MAAP-Project / maap-documentation

9 stars 12 forks source link

Clarification on S3 Bucket Access options #383

Open wildintellect opened 4 months ago

wildintellect commented 4 months ago

When accessing a protected bucket, like all NASA DAACs, that require authentication (EDL), to get a short term S3 session, you must make sure not to use the environment option: os.environ['AWS_NO_SIGN_REQUEST'] = 'YES' This option is only for some public buckets that specifically do not accept account information. If you accidentally include this, tools like rasterio will skip your AWS Session.

We need to add a note to pages that use rio.env https://docs.maap-project.org/en/latest/search.html?q=rio.env&check_keywords=yes&area=default

And possibly make a clearer general page. I noticed https://docs.maap-project.org/en/latest/technical_tutorials/access/lpdaac_gedi_access.html only talks about GEDI S3 but we don't have a page about all EarthDataCloud data.

@phabs can provide some code examples

pahbs commented 4 months ago

Here is a reproducible example of how to access an ORNL DAAC dataset:



import rasterio as rio
import boto3
from maap.maap import MAAP
maap = MAAP(maap_host='api.maap-project.org')

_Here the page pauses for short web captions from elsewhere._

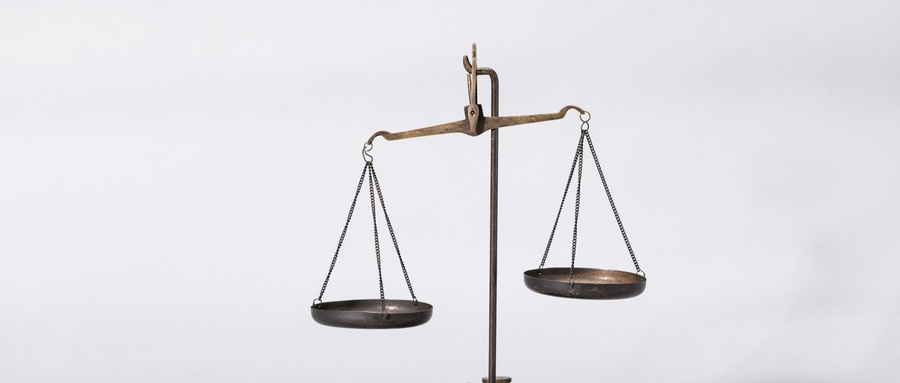 怀孕并非必然监外执行，法律依情节与风险综合裁量，保障人权与司法公正并重。
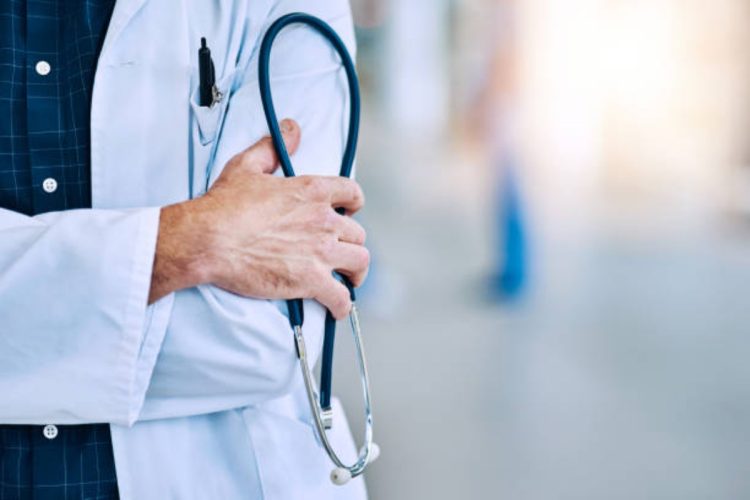 Naufraga la riforma di Orazio Schillaci - nella foto, un medico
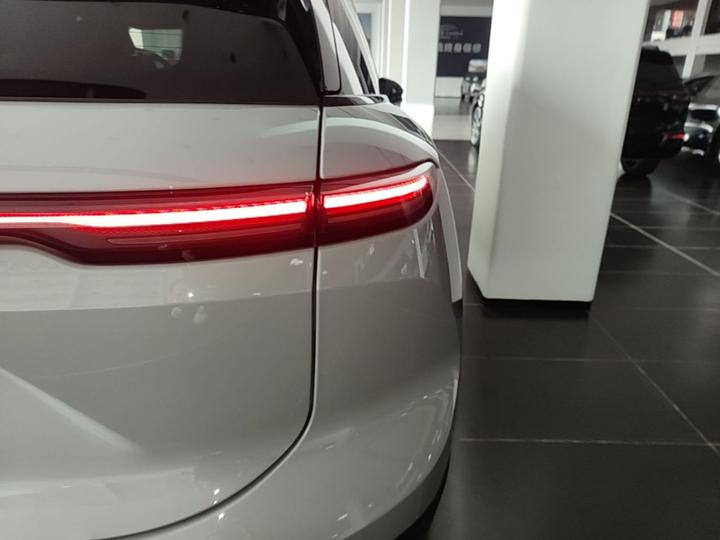 ES6 2024 75kWh photo 7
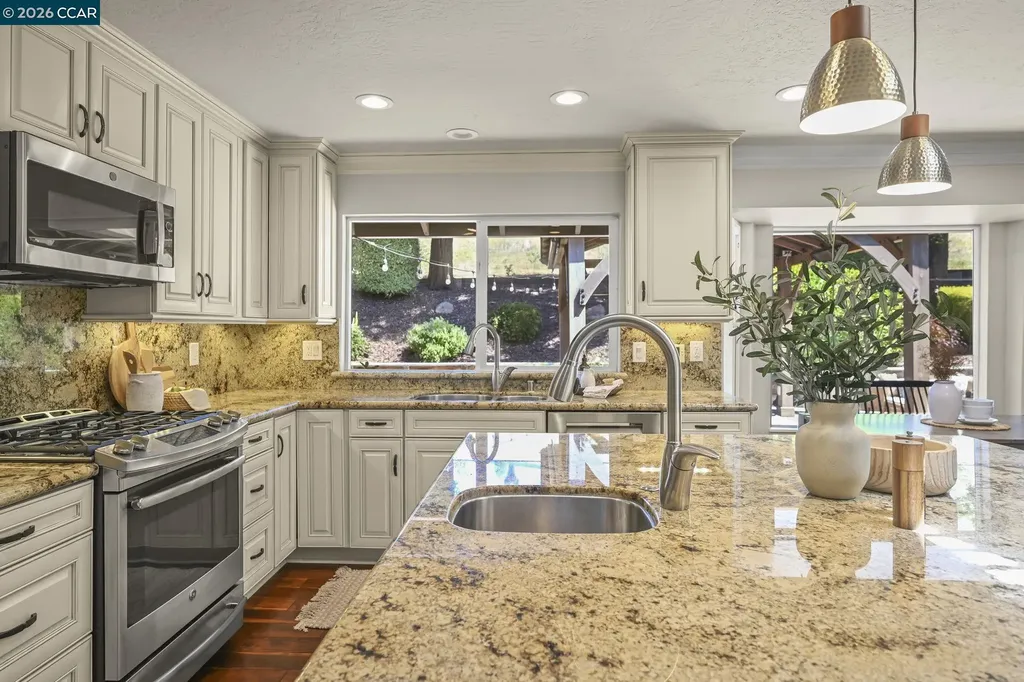 5515 Langford Court Concord CA 94521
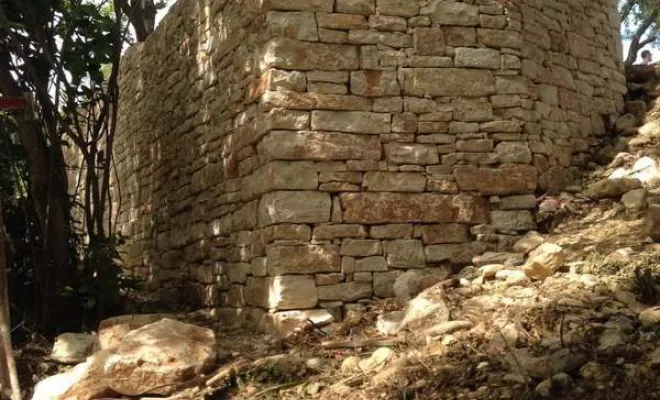 Mur en pierre à Bollène, Bollène, AETP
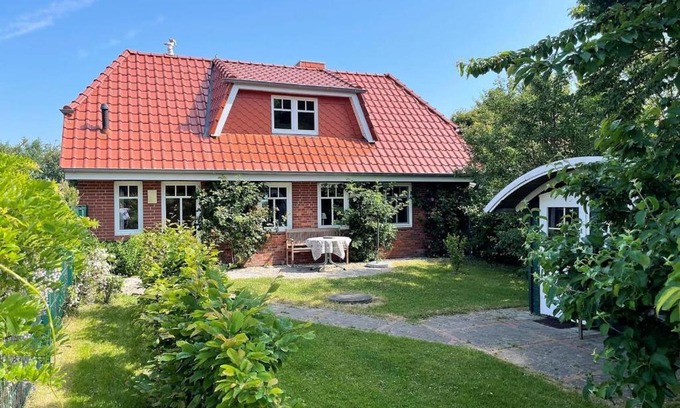 Emmelsbuell-Horsbuell House | Haus Benninghusumer Deichweg, eingezäunt, Hunde Willkommen, Kamin, ruhig gelegen, WLAN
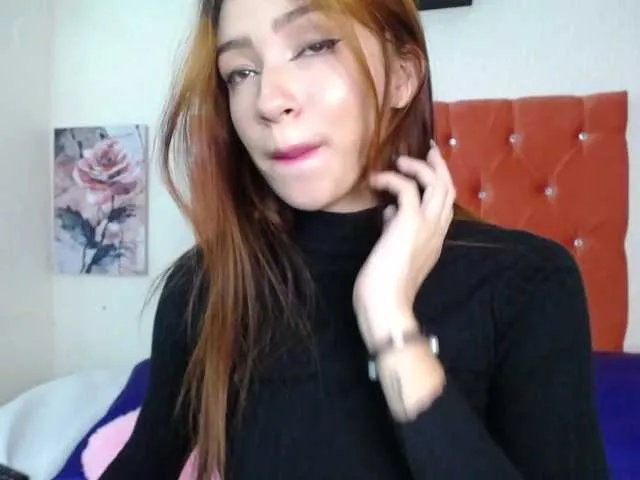 Live sex webcam photo for CarolineCyrus #272401759
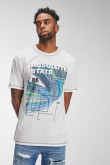 Camiseta manga corta con estampado.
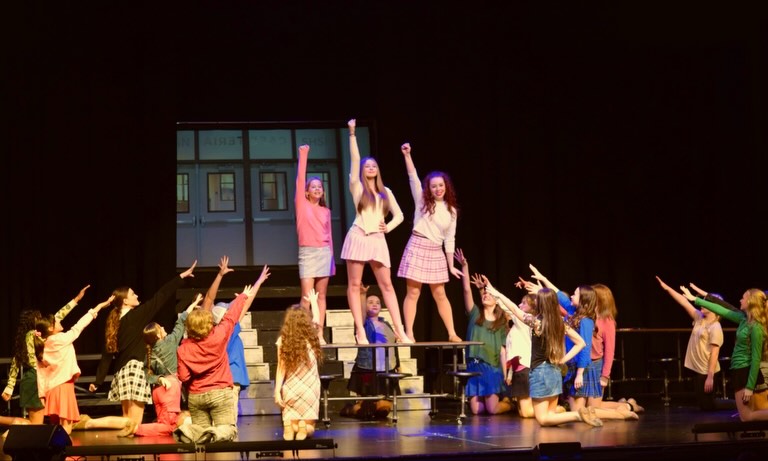 💋Mean Girls JR…WOW 🤩 You all were fearless and outstanding on stage!! So proud of the entire cast 👏 We loved watching you all shine bright. Thank you so much to @rrhs_dramaclub and all of the parents and volunteers who helped make this show possible!!
.
.
.
#meangirlsjr #musicaltheatre #singdanceact #aspiretomore #cantonga
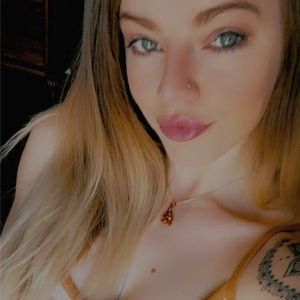 Meet your Posher, Ashlee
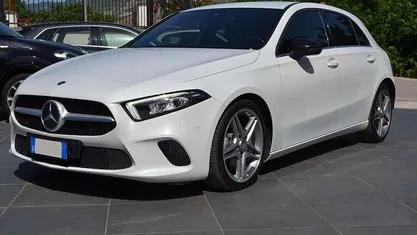 Bianco Usata 2021 Mercedes A180 Business Tre volumi | 21.000 € (Buon prezzo)
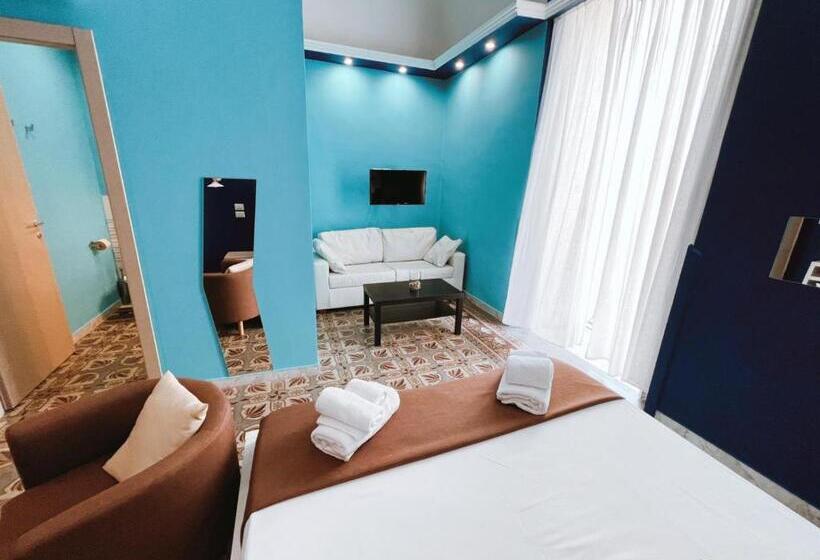 اتاق استاندارد چهارنفره با بالکن, Deas B&b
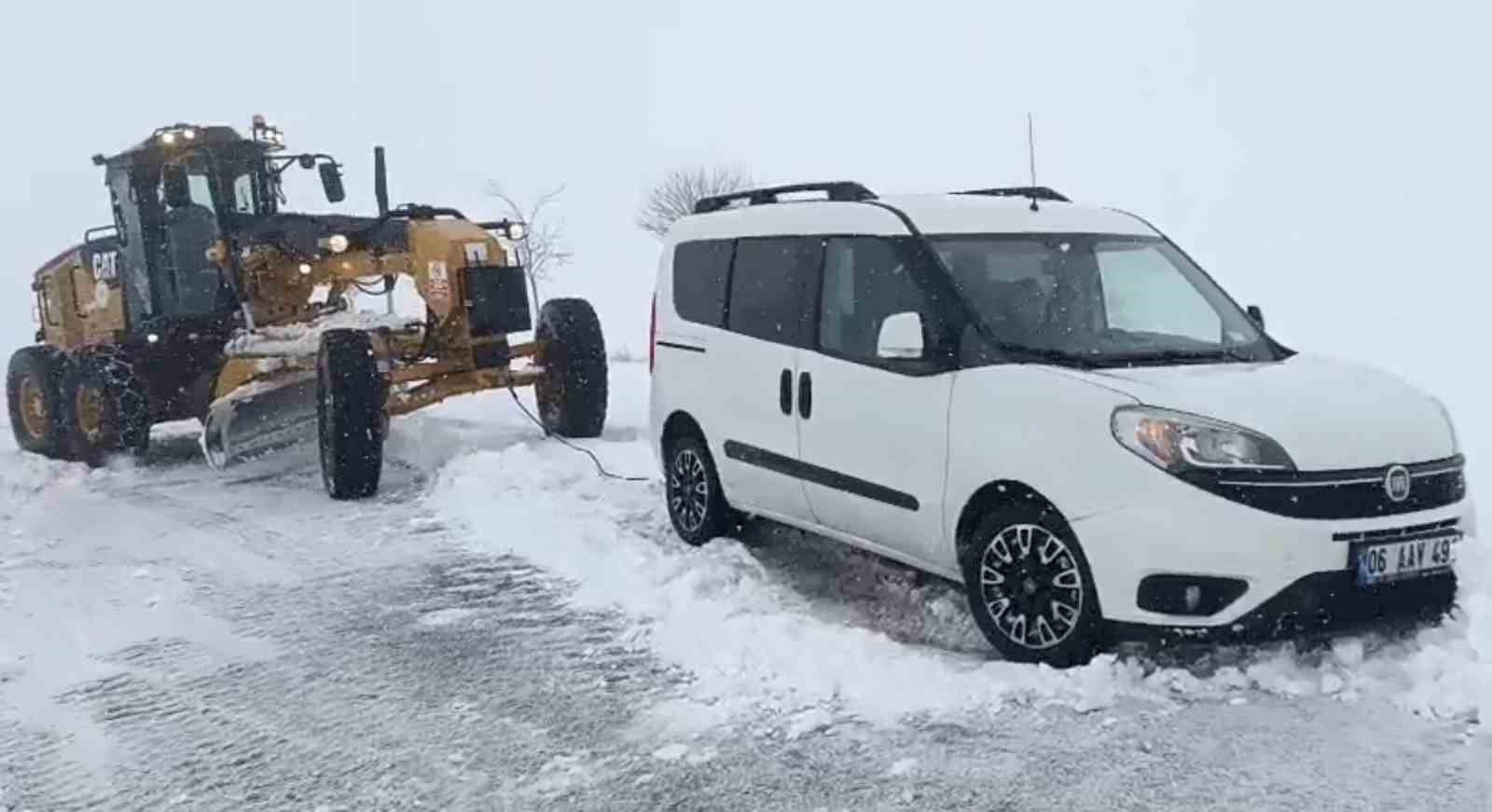 Aksaray’da yoğun kar yağışı nedeniyle yolda mahsur kalan araçlar kurtarılıyor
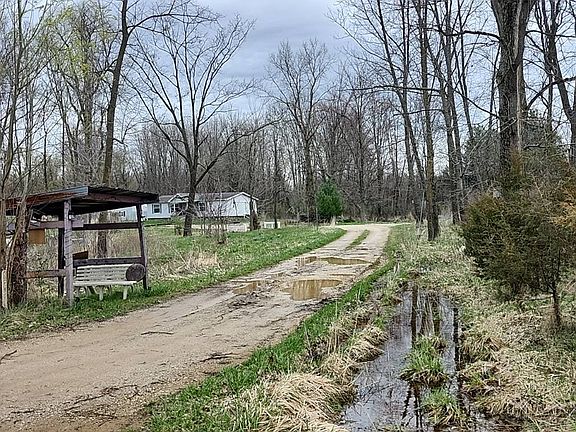2nd image of 5881 Young Rd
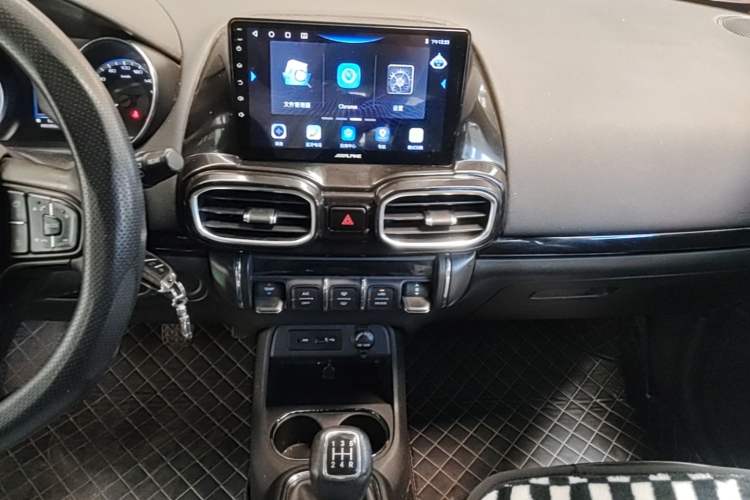 Used Dongfeng Aeolus AX4 2017 1.6L Manual ChaoShang Model Audio And AC Panel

def get_aws_session_DAAC(creds):
    """Create a Rasterio AWS Session with Credentials"""
    #creds = maap.aws.earthdata_s3_credentials('https://data.lpdaac.earthdatacloud.nasa.gov/s3credentials')
    boto3_session = boto3.Session(
        aws_access_key_id=creds['accessKeyId'], 
        aws_secret_access_key=creds['secretAccessKey'],
        aws_session_token=creds['sessionToken'],
        region_name='us-west-2'
    )
    return AWSSession(boto3_session)

# URL of DAAC s3 file
s3_url = 's3://ornl-cumulus-prod-protected/above/DeciduousFractionl_CanopyCover/data/deciduousfraction_2015_prediction.tif'

os.environ['AWS_NO_SIGN_REQUEST'] = 'NO'

rio_env_session = rio.Env(get_aws_session_DAAC(maap.aws.earthdata_s3_credentials('https://data.ornldaac.earthdata.nasa.gov/s3credentials')))

with rio_env_session:
    with rasterio.open(s3_url, mode='r') as dataset:
        print(dataset.profile)
smk0033 commented 3 months ago

@wildintellect in those notebooks, I'm adding the environment variable and setting it to 'NO' like above and making an additional note to set it to no/not include it at all or the data cannot be accessed - is that fine for the users?

wildintellect commented 3 months ago

We probably need a new page specifically about S3 access, where we discuss when to use or not to use. Then can reference any relevant page to it?